A humbled Harvey reinvented himself with hard work and determination. With a fastball that’s now in the 89-91 mph range and a varied pitch mix, Harvey shut down Cuba and the Netherlands in pitching his Cinderella team into the quarterfinals of the WBC before Italy lost to powerhouse Japan. He threw seven innings of one-run ball, stifling some very good hitting.
“Obviously I’m not pumping mid-to-upper90s anymore — at least not yet. Hopefully, the velo comes back. But if it doesn’t, I feel like I still know how to pitch and to get guys out,” Harvey told The Post from Japan. “I’ve worked really hard on a different style of pitching. I feel good. Hopefully the stuff comes back. But I can still pitch. The game is still about getting people out.”
The velocity may not be back. But the control certainly is. “I could have thrown it into a tea cup,” Harvey said about his pinpoint accuracy.
Harvey’s still only 33, but the trendline and a rough 2022 work against him.
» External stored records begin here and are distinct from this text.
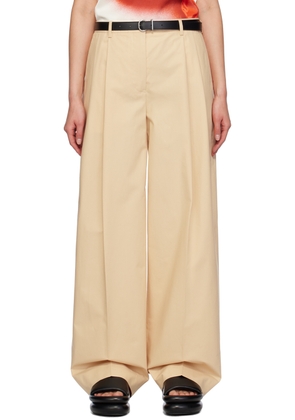 Jil Sander Beige Belted Trousers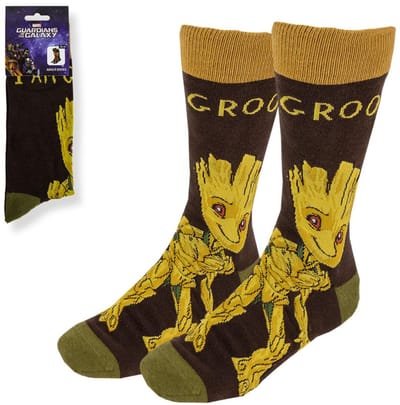 Guardians of the Galaxy Sokken - Maat 38-45 - Lange sokken voor mannen - 1 paar - Voor heren - Volwassenen - Beige/zwart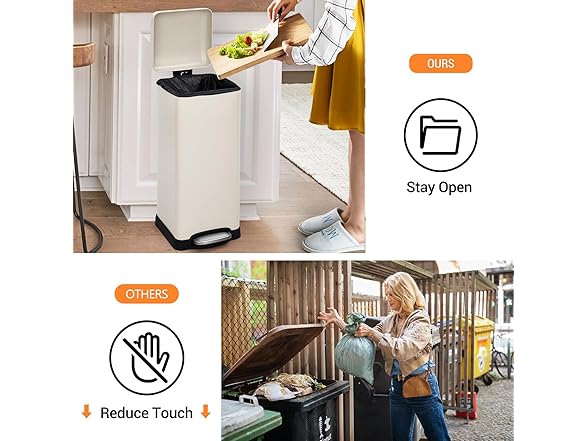 Takywep 8 Gal/30 l Kitchen Trash Can Beige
He spent last year, first suspended after testifying with immunity in the tragic Tyler Skaggs case that he used cocaine and once got Percocets for Skaggs, then in the minors with Baltimore, where he pitched pretty well before tiring.
Harvey surely has regrets, and while he declined to discuss his court appearance, he did have a regret (actually two) about the 2015 World Series, the year before a devastating thoracic outlet injury derailed his career. Memorably, he successfully campaigned to stay in Game 5 after manager Terry Collins told him he was done following eight brilliant innings, with the Mets leading.
He might also have to wonder about his innings load (216 innings) in that comeback year following Tommy John surgery. The Nationals shut down Stephen Strasburg, and while both pitchers wound up requiring thoracic outlet surgery, Strasburg didn’t need it until a decade later, after he’d won a World Series MVP and signed a $235 million contract.
Harvey didn’t get into that speculation. But he did have a couple of regrets about Game 5.
“It was raw emotion. The only thing I thought of was to bring a championship home and keep it going. I got fired up. The crowd got fired up. One of those emotional things that’s tough to [harness] when you’re cruising,” Harvey said. “It was an emotional game. It was hard to say no. Now at my age I probably wouldn’t have caused an emotional scene. As a more mature self, I would have handled things differently.”
And, oh yes, he did have one more regret. It was throwing an offspeed pitch to Lorenzo Cain, a pitch that had fooled Cain earlier in the game. But in the ninth, Cain took the pitch and walked, setting the stage for the Royals’ Series-winning comeback.
“I wish I had pumped a fastball in there and challenged him a little more,” Harvey said. He doesn’t have 100 mph anymore. But he still can be effective says Italy’s pitching coach Mike Borzello, the longtime Yankees and Dodgers coach and master game strategist for the historic 2016 Cubs. Harvey has a fourseamer, a two-seamer, curveball, slider, changeup and cutter. “He has enough of a pitch mix to attack a hitter’s weaknesses,” Borzello said. “He can throw anything at any time. No reason he can’t do what Zack Greinke is doing. Same pitch mix. Same velocity, same pitch ability.” There has been one WBC surprise success story already. Nicaraguan pitcher Duque Hebbert, 21, signed with the Tigers after one brilliant inning in which he whiffed Juan Soto, Manny Machado and Rafael Devers. Harvey, hoping to be the second, said: “He’s a little younger. I definitely worked as hard as I can to be in that position. Hopefully someone gives me a chance.”